We will first obtain data about the movie Coco from 2017.

myapikey <- Sys.getenv("OMDB_KEY")

# Find url exploring examples at omdbapi.com
url <- str_c("http://www.omdbapi.com/?t=Coco&y=2017&apikey=", myapikey)

coco <- GET(url)   # coco holds response from server
coco               # Status of 200 is good!

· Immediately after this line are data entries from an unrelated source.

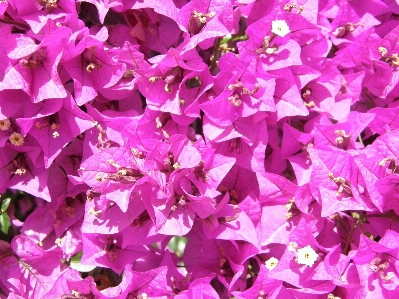 Outdoor branch blossom growth Photo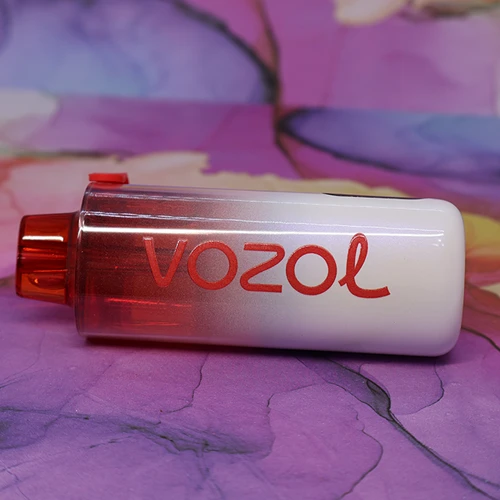 VOZOL NEON 10000 - 12 VOZOL NEON 10000 - 12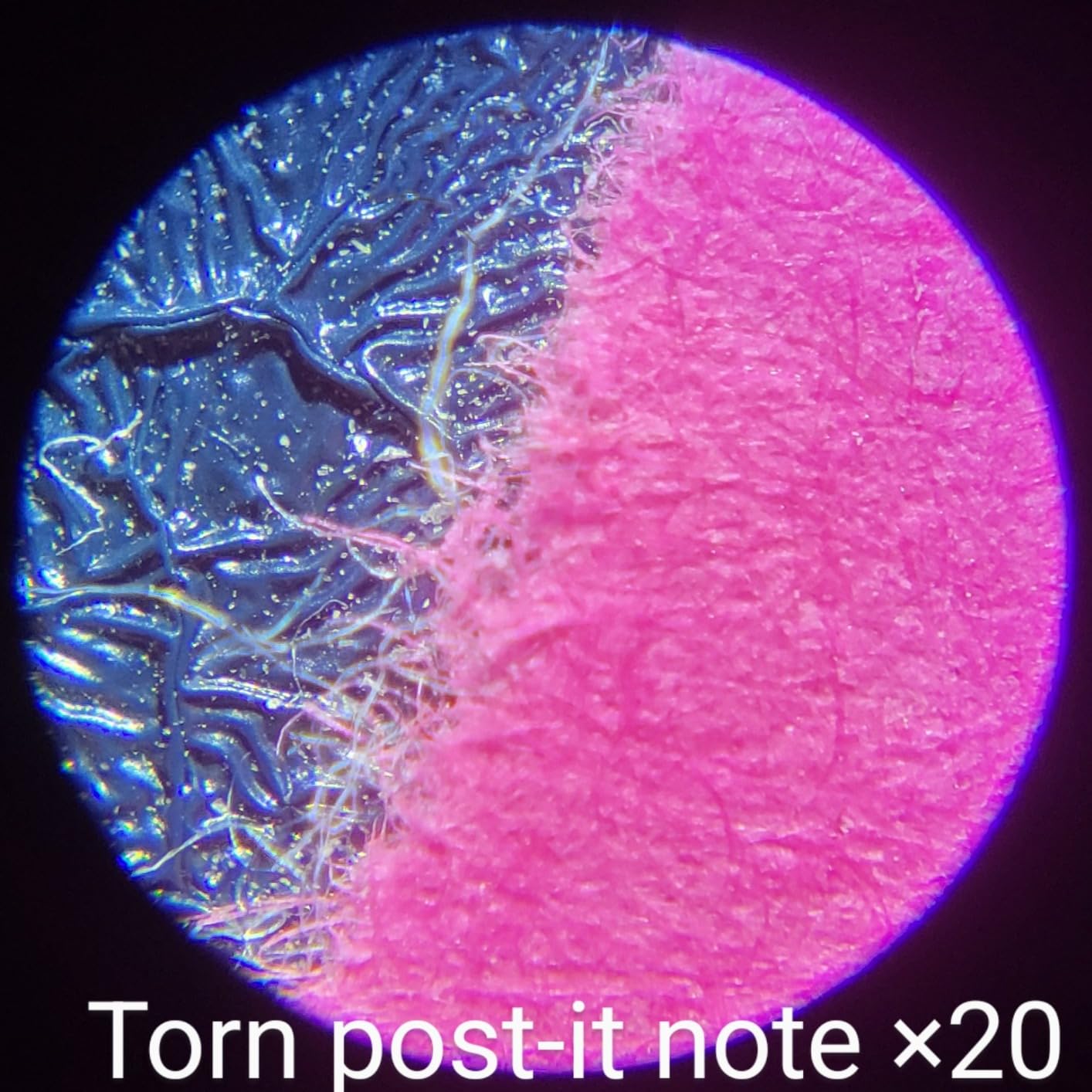 Carson Pocket Micro 20x-60x LED Pocket Microscope Handheld STEM Toy (MM-450) customer photo 2
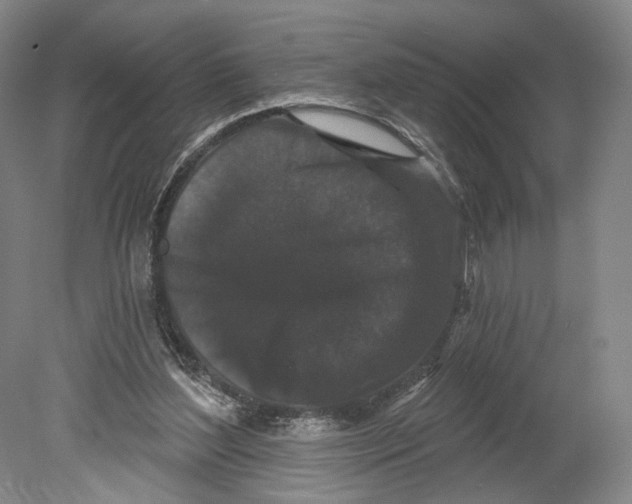 X0000080770204200701051310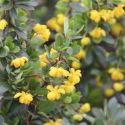 Berberis buxifolia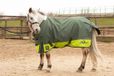 Harry's Horse Stout! Lime 0gr Regendeken Armygreen - 125
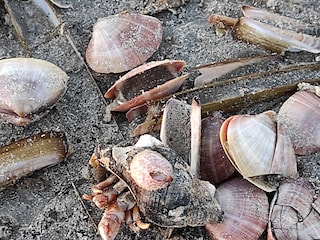 besondere Funde am Strand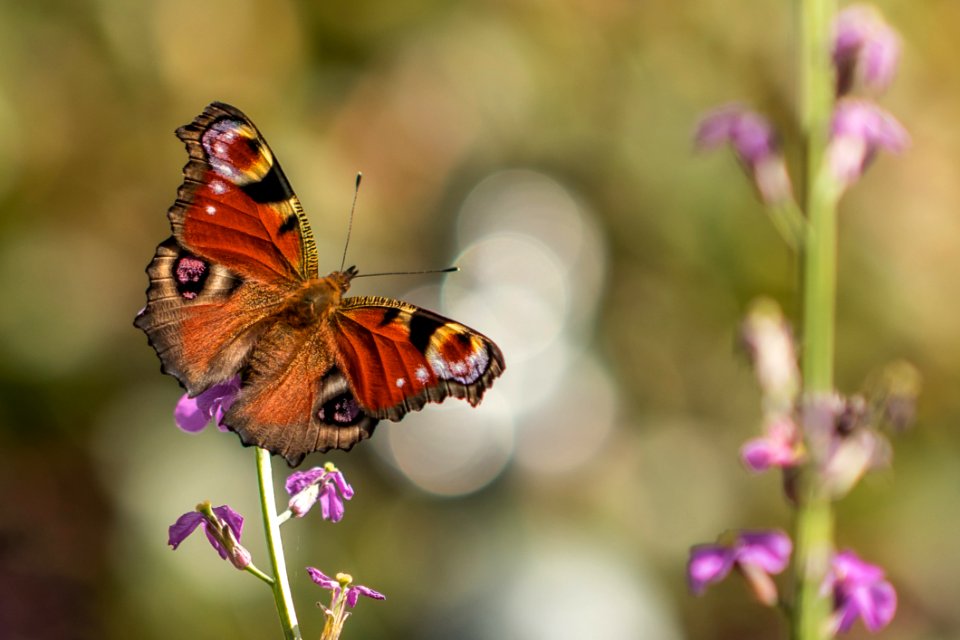 Bloom Blossom Butterfly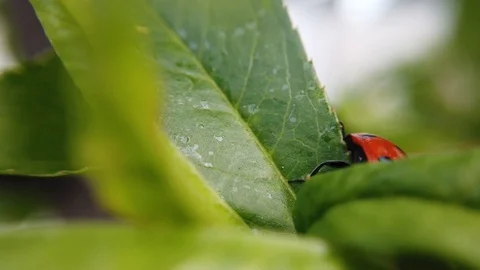 A close up shot of a ladybug moving across a leaf of a peach tree. Stock Footage 109368595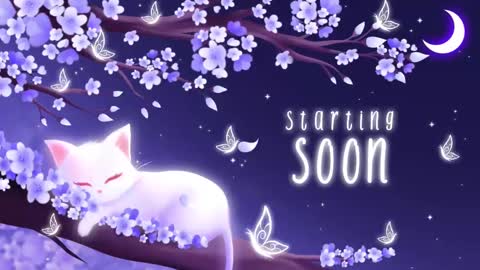 Sassy Sami Kittyn online show from 03/10/25, 05:11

details <- content(coco, "parse")   
details                         # get a list of 25 pieces of information
details$Year                    # how to access details
details[[2]]                    # since a list, another way to access

Now build a data set for a collection of movies

# Must figure out pattern in URL for obtaining different movies
#  - try searching for others
movies <- c("Coco", "Wonder+Woman", "Get+Out", 
            "The+Greatest+Showman", "Thor:+Ragnarok")

# Set up empty tibble
omdb <- tibble(Title = character(), Rated = character(), Genre = character(),
       Actors = character(), Metascore = double(), imdbRating = double(),
       BoxOffice = double())

# Use for loop to run through API request process 5 times,
#   each time filling the next row in the tibble
#  - can do max of 1000 GETs per day
for(i in 1:5) {
  url <- str_c("http://www.omdbapi.com/?t=",movies[i],
               "&apikey=", myapikey)
  Sys.sleep(0.5)
  onemovie <- GET(url)
  details <- content(onemovie, "parse")
  omdb[i,1] <- details$Title
  omdb[i,2] <- details$Rated
  omdb[i,3] <- details$Genre
  omdb[i,4] <- details$Actors
  omdb[i,5] <- parse_number(details$Metascore)
  omdb[i,6] <- parse_number(details$imdbRating)
  omdb[i,7] <- parse_number(details$BoxOffice)   # no $ and ,'s
}

omdb

#  could use stringr functions to further organize this data - separate 
#    different genres, different actors, etc.

On Your Own (continued)

  1. (Based on final project by Mary Wu and Jenna Graff, MSCS 264, Spring 2024). Start with a small data set on 56 national parks from kaggle, and supplement with columns for the park address (a single column including address, city, state, and zip code) and a list of available activities (a single character column with activities separated by commas) from the park websites themselves.

Preliminaries:

np_kaggle <- read_csv("~/264_fall_2024/Data/parks.csv")
Rows: 56 Columns: 6
── Column specification ────────────────────────────────────────────────────────
Delimiter: ","
chr (3): Park Code, Park Name, State
dbl (3): Acres, Latitude, Longitude

ℹ Use `spec()` to retrieve the full column specification for this data.
ℹ Specify the column types or set `show_col_types = FALSE` to quiet this message.